In 1944, the mill was abandoned and a new mill (referred to as the west mill), operated by Aberdeen Plywood Company, was constructed west of the original mill. A log pond was created in the low-lying area west of the mill and the Hoquarten Slough inlet was no longer used for log delivery to the mill. The entire mill was also built on pilings and had a lathe room, a filing room (for saw and knife sharpening), a clipper room (for trimming veneer) and a power room. A second log pond was created west of the existing pond in the mid- to late-1950’s. The west mill reportedly operated on diesel-powered equipment.

The green veneer was shipped from the new mill to the company’s plywood plant in Tacoma, Washington for further processing. There is no evidence that plywood manufacturing was ever performed on the subject property.

The mill closed in the mid-1960’s and the log ponds were drained. Fill material, possibly from the areas around the former mill buildings, was placed on the southeast corner of the west log pond around the same time as the closure of the mill. The fill material was sampled during an environmental site assessment in 2014.

Some of the fill materials are contaminated by petroleum byproducts as identified in recent investigations by Anderson Geological. The physical composition of the fill material varies from mineral soils (sand, silt and clay) to wood waste (sawdust, wood chips, logs) and construction waste composed primarily of large pieces of concrete.

To fulfill the flood-control requirements for the Southern Flow Corridor (SFC) project, the ground surface across the entire 5 acre mill property is being excavated to a common elevation of approximately 8 feet above mean sea level. Soils that are planned for removal are referred to as “take” soils. The soils that will be left exposed after the excavation are referred to as the “leave” soils.

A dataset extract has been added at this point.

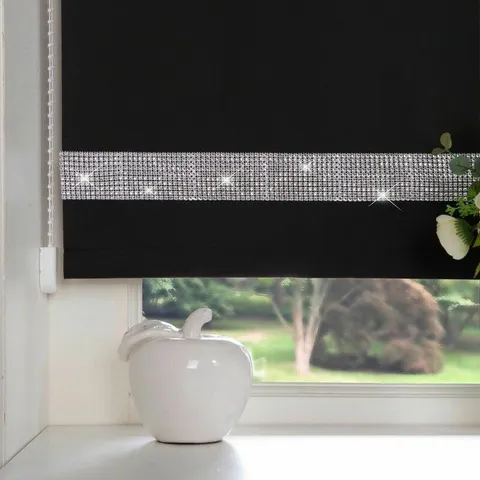 BLACKOUT ROLLER BLIND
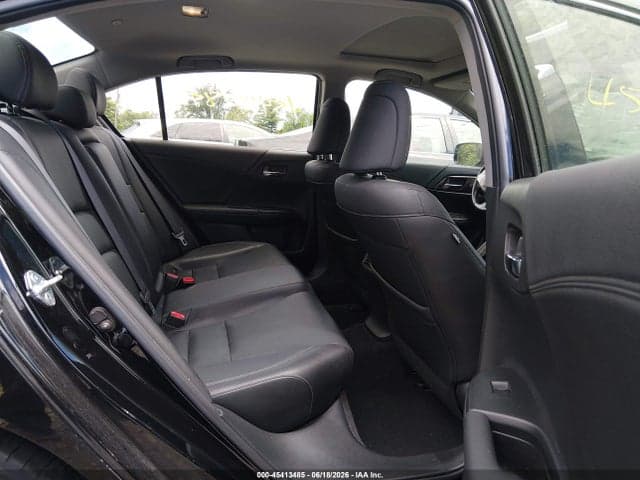 2017 HONDA ACCORD HYBRID EX-L 8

The leave surface will include areas of contamination that slightly exceed ecological risk concentrations. The leave surface will be covered with a veneer of topsoil with the expectation that periodic inundation of the area from high water levels in Hoquarten Slough will result in the deposition of additional sediment and the establishment of wetland vegetation, further stabilizing the leave surface. Areas where the leave surface is over-excavated due to grossly-contaminated soil or landfill debris will be backfilled with clean soil and covered with clean topsoil.

It is not the intent of this project to remove all soil and groundwater that exceeds cleanup levels. Only the contaminated material that must be removed to allow the completion of the SFC project, material that would result in higher exposure point concentrations than currently exist, and materials containing garbage and/or free product contaminants, will be removed. Material that would result in higher exposure point concentrations than currently exist will be placed onsite in a containment cell. It is estimated that approximately 900 cy of materials containing garbage and/or free product contaminants will require disposal at an approved solid waste disposal facility.

Oversight and monitoring for this phase of the project is being performed by Erik Anderson, R.G., a professional geologist registered in the state of Oregon, under a plan approved by the Oregon Department of Environmental Quality.

The estimated volume of in-place soil to be excavated is 35,800 cy. This includes:

-13,500 cy of clean soil/fill and 1,500 cy of waste concrete in which no contaminants have been detected or are present below ecological screening levels and Clean Fill Criteria. Metals are present at or below natural background concentrations. These materials are classified as Type 1 and are being used to construct a setback levee designed to keep the daily tide off the farmland adjoin the southern project area. That levee is presently about 60% completed.

-5,000 cy of soil/fill in which organic contaminants have been detected above aquatic ecological screening levels but below Clean Fill Criteria. Metals are present at or below natural background concentrations. These materials are classified as Type 2.

-5,700 cy of mineral soil and organic soils/wood waste in which organic contaminants have been detected above terrestrial ecological screening levels and Clean Fill Criteria. Metals are present above natural background concentrations. These materials are classified as Type 3.

-900 cy of oil-saturated soil and garbage, classified as Type 2 or Type 3, is being disposed offsite at a Subtitle D landfill.

It is estimated that approximately 10,700 cy of Types 2 and 3 contaminated soil and fill will be removed in this area and placed in an on-site containment cell that is currently being constructed along Front Street on city and county property west of Douglas Avenue. Once completed and capped, a gravel parking area will be constructed on top of the cell to facilitate public recreational access to Hoquarten Slough and the newly created wetland area.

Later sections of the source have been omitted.